Like most other runners – and most other humans – I am numb over what happened in Boston yesterday.
I am lucky that I was safely in NYC, and none of my friends or loved ones were among the victims. But there shouldn’t be victims. Not at the Boston Marathon, the nation’s oldest marathon and one of the most celebrated marathons. Where the entire city shuts down on a weekday. Where, if you can run fast enough to qualify for an entry, it is a privilege to be able to run. Where I would love to run one day.
I was a journalism major in college, and in times like these, I can’t tear myself away from the news coverage, watching the TV numbly, and idly scrolling through social media, trying to learn why. I saw Caitlin post something last night about thinking about those who support her at races, and I finally started crying. My mom.
(My hands were shaking too much the morning of my first marathon to pin my bib on; since then, it’s become our tradition for her to pin my bib on before a marathon.)
She’s been at the finish line of all three of my marathons, and I’m pretty sure she’ll be at the finish line of any other marathon I ever run. That could have been her yesterday, watching me. It could have been me running, or one of my friends. It hits really close to home. Too close to home.
I’ve read so many beautiful words in the past day or so.

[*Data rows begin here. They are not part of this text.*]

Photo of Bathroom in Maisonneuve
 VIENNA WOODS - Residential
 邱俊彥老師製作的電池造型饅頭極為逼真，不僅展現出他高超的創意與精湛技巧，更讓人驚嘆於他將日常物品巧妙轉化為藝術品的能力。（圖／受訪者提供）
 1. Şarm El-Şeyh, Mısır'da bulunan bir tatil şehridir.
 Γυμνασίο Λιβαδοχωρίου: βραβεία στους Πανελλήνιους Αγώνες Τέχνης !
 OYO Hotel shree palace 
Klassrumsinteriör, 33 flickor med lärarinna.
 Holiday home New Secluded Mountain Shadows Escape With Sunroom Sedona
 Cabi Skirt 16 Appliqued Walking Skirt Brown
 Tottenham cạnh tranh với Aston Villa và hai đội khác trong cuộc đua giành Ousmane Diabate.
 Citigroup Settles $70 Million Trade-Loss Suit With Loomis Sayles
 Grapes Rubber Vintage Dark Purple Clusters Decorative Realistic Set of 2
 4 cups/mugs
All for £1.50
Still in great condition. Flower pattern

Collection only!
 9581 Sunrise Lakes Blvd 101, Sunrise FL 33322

Even Jezebel put aside the snark: “If anything, the tragedy in Boston will further solidify the bond between runner and spectator. And when the Chicago marathon happens this October, I’ll show up to run harder, and they’ll show up to cheer louder. If anyone thought this attack would discourage the runners or the watchers, they’ve clearly never been to a marathon.”
From Allison’s Instagram.
Another beautiful photo.
Running has given me so much back in life in the last four years, and I’m sad for the loss of life yesterday at the Boston Marathon, but so hopeful for all the wonderful stories that have come out in the past 24 hours about people helping each other, and I’m more proud than ever to be a runner.